Я растерянно посмотрела на княгиню, колеблясь между любопытством и тактичностью. Никому не нравится, когда над душой стоят посторонние.

– Я не буду делать тебе больно, – мягко сказала Анастасия. «Павловна» к ней не клеилось точно так же, как «Николаевна» к Вареньке. – Только посмотрю.

– Ну пожалуйста! – На ресницах девушки заблестели слезы.

Как будто и не она пару часов назад кусала губы, сдерживая крик, и твердила, что женщина должна уметь терпеть. С другой стороны, всякое терпение когда-нибудь заканчивается. Такой вывих редко обходится без растяжения, если не разрыва связок, и больно ей на самом деле: пик действия лекарства, что дал доктор перед тем, как вправить лодыжку, уже прошел.

– Да останься, Глаша, – пророкотала Марья Алексеевна. – Княгиня у нас барыня строгая, а вам, барышням, друг друга понять легче.

Она подхватила под локоть Стрельцова, замершего в дверях с молотком в опущенной руке.

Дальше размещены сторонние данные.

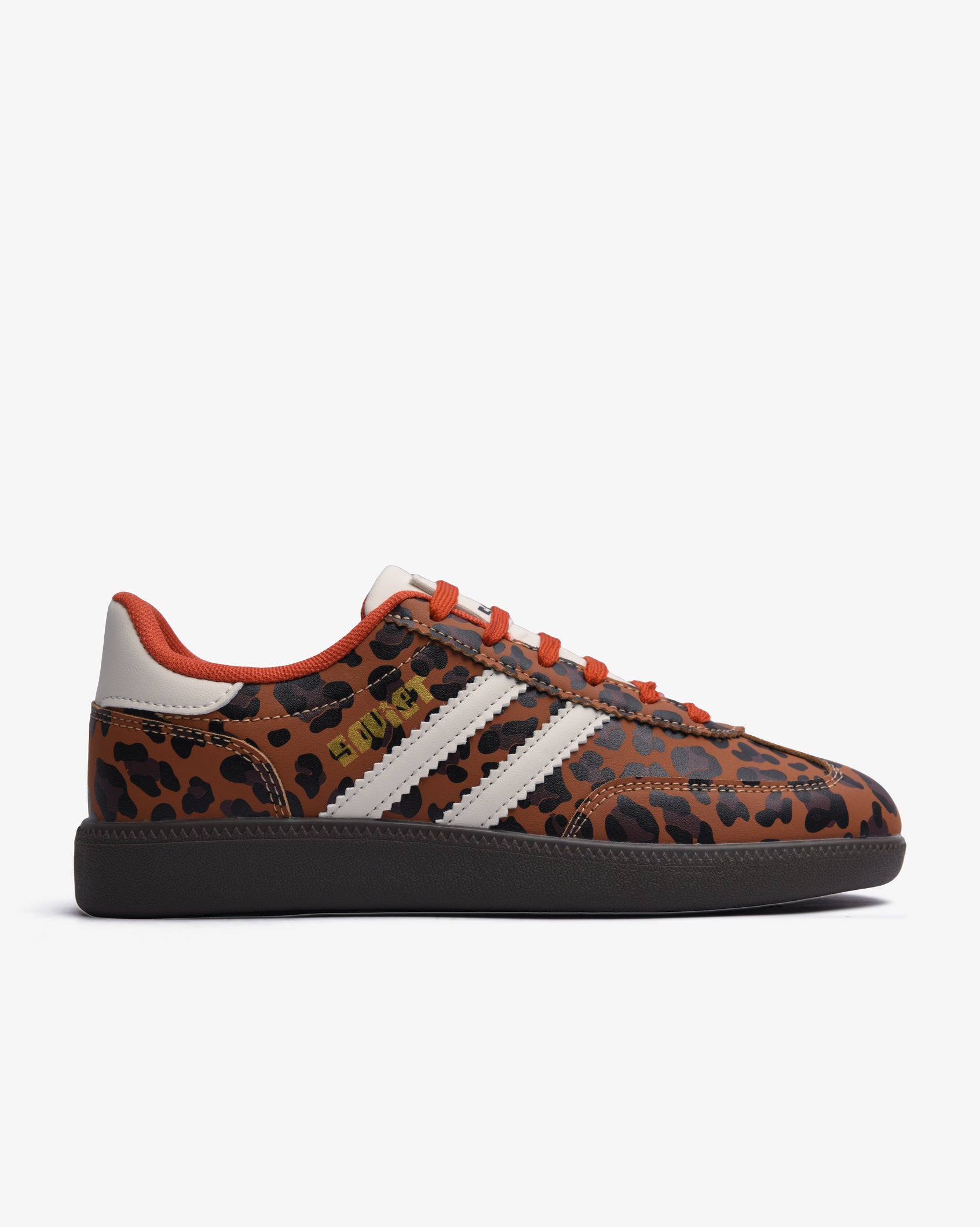 Ladies Ness - Low Cut Casual Sneaker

– А вот тебе здесь нечего делать, граф. Безногой твоя кузина не останется, и прекращай себя грызть: я не я буду, если она тебе этот вывих не припомнит и не отыграется. Так что будет еще возможность расплатиться.

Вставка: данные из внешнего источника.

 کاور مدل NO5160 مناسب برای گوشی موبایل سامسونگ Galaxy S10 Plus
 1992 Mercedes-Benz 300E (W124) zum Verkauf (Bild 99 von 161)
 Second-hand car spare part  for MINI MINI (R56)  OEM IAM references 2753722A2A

– Он-то тут при чем? – не удержалась я.

– Старший брат всегда при чем, хоть и двоюродный. – Она повлекла исправника за дверь. – И молоток положи, – донеслось из соседней комнаты. – А то еще на ногу себе уронишь, потом тебя лечи.

Варенька хихикнула, будто забыв о боли, остальные разулыбались.

– Дай-ка я посмотрю.

Княгиня ловко ухватила лодыжку девушки. Я ждала, что она начнет снимать бинты, но вместо этого… Воздух словно сгустился, завибрировал, как от удара в гонг. По коже пробежали мурашки, будто от статического электричества.

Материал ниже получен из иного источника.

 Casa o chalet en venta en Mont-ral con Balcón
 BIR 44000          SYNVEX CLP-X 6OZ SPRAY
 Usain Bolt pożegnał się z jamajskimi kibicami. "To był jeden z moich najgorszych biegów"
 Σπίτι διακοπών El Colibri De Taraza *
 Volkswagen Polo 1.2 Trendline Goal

Повязки вдруг растаяли, как туман. Под ними проступила кожа, расцвеченная свежим кровоподтеком. А потом… я никогда не думала, что можно увидеть живые ткани насквозь, как на рентгене, только в цвете. Желтоватый жир, красные мышцы, белесые блестящие связки. Ничего общего с аккуратными схемами в учебнике анатомии – все живое, пульсирующее, настоящее. Я застыла с открытым ртом, не в силах оторвать взгляд. Учитель биологии во мне отчаянно пытался найти научное объяснение происходящему, но не мог.

Варенька всхлипнула, вернув меня в реальность.

– Я умру?

– Нет, что ты, – ласково сказала княгиня. – И даже не охромеешь. Меня позвали вовремя.

Она перевела взгляд на Ивана Михайловича, добавила совсем другим тоном:

– Вот здесь, передняя таранно-малоберцовая связка, субтотальный разрыв, видите? И вот здесь, повреждена пяточно-малоберцовая.

Доктор кивнул.

– Я немного подправлю благословением. – Сейчас она говорила так, будто опытный врач наставляет молодого. При седой бороде доктора это смотрелось бы смешно, если бы не спокойная уверенность в ее голосе и внимание на лице Ивана Михайловича. – И загипсуем, конечно: магия магией, но иммобилизация все равно необходима. На будущее, если не найдется возможности посмотреть, лучше иммобилизовать профилактически.